Hope everyone learned something! I’ve been absent, but hopefully we can start off 2021 right and have a lot of content. Please comment your ideas or anything you want to see!

Monitoring Series: Research into ServiceNow Performance Dashboard

Below are some of my ramblings, thoughts and research into the ‘servlet performance metrics’ dashboard from ServiceNow, and how this custom UI page homepage really works.

servlet performance.PNG

Observation #1 - The Front End is in the Perf Dashboard Plugin

This dashboard is part of the core system plugin, ‘Performance Dashboards’ (com.glide.performance_dashboards'), which is an extremely lightweight plugin for just housing the shell UI and a couple supporting scripts.

Observation #2 - The Library used is JRobin (Derived from RRDtool)

Within the scripts you can see data references to tables starting with jrobin, and those point to the JRobin Plugin (RRDS), which is just a Java implementation of the RRDtool system.

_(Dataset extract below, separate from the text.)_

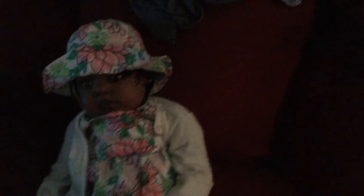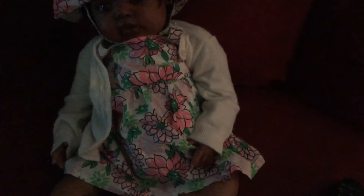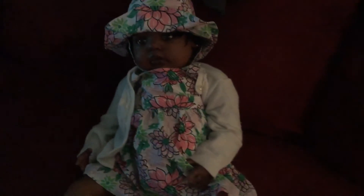The hat has little Velcros — you can kind of see it there. And she doesn't have a onesie underneath her dress, that's why I had to put this sweater on top. If she had a onesie, I wouldn't have to put the sweater over top. But she's cute anyway.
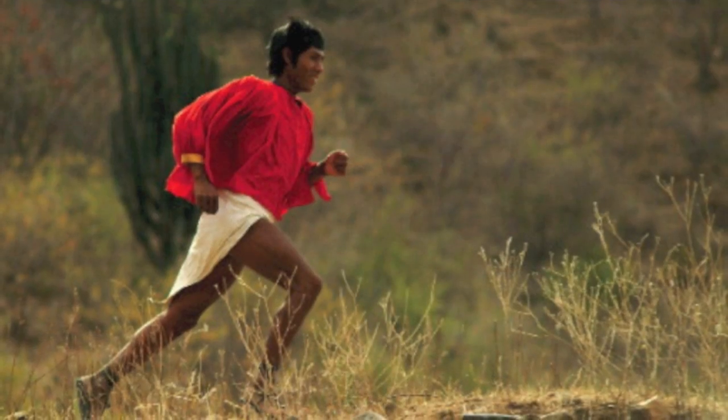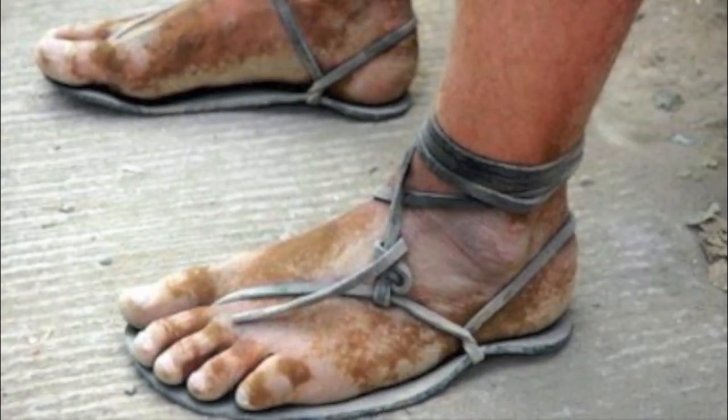There were two guys who were simultaneously, without knowing each other, pursuing the best way to run and the best type of footwear. One of them wondered how people in Kenya can run at least a marathon a day or more and not have foot problems — no plantar fasciitis, no Achilles tendonitis. He traveled over there and analyzed the biomechanics, even using a foot sensor to measure pressure. They run with just a thick piece of leather on the bottom of their foot, running long distances with no pain.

They even kept the Robin Robin heritage by letting the table labels start with ‘Round Robin’. It’s worth noting that you can’t see any of these jrobin tables OOB, they are locked down to maint, I had to go into each individual read ACL, and add roles to be able to view it.

rrdtool.png

Observation #3 - ServiceNow uses an RRDTool Database to Store Monitoring data

This leads us to a another discovery, that all this data is being parsed from an Round Robin Database (RRD), and then there are supporting tables in ServiceNow which define the data refresh intervals (spoiler, they all refresh every 2min), and information about the Round Robin Archive. I found a good introduction to RRD here.

Observation #4 - ServiceNow Undocumented Monitoring APIs

While snooping around in the client side javascript, I found reference to the APIs which are called to provide the data. The sys_id’s needed to call these APIs are the in jrobin tables, and there is also other client side parameters.

p = "/api/now/v1/performance_dashboards/data_categories",
f = "/api/now/v1/performance_dashboards/graphs/overlays",
m = "/api/now/v1/performance_dashboards/graphs/category/<dataCategoryId>",
g = "/api/now/v1/performance_dashboards/graphs/<graphSysId>",
y = "/api/now/v1/performance_dashboards/events",
v = "/api/now/v1/performance_dashboards/nodes",
_ = "api/now/v1/performance_dashboards/suggestions"

Future Observations…

I would like to look more into the list of jrobin_graph_line’s and understand how the aggregator relates to the data source (jrobin_datasource).

I want to do some testing and see what format and parameters are needed to use those Performance Dashboards APIs.

I find it interesting how rrd4j appears to be the more widely adopted java port of RRDTool, vs jrobin. I could see ServiceNow eventually move to this, if they don’t discontinue or entirely re-structure their db monitoring backend. But ServiceNow has stuck with JRobin since 2006, so I find it doubtful it would change any time soon.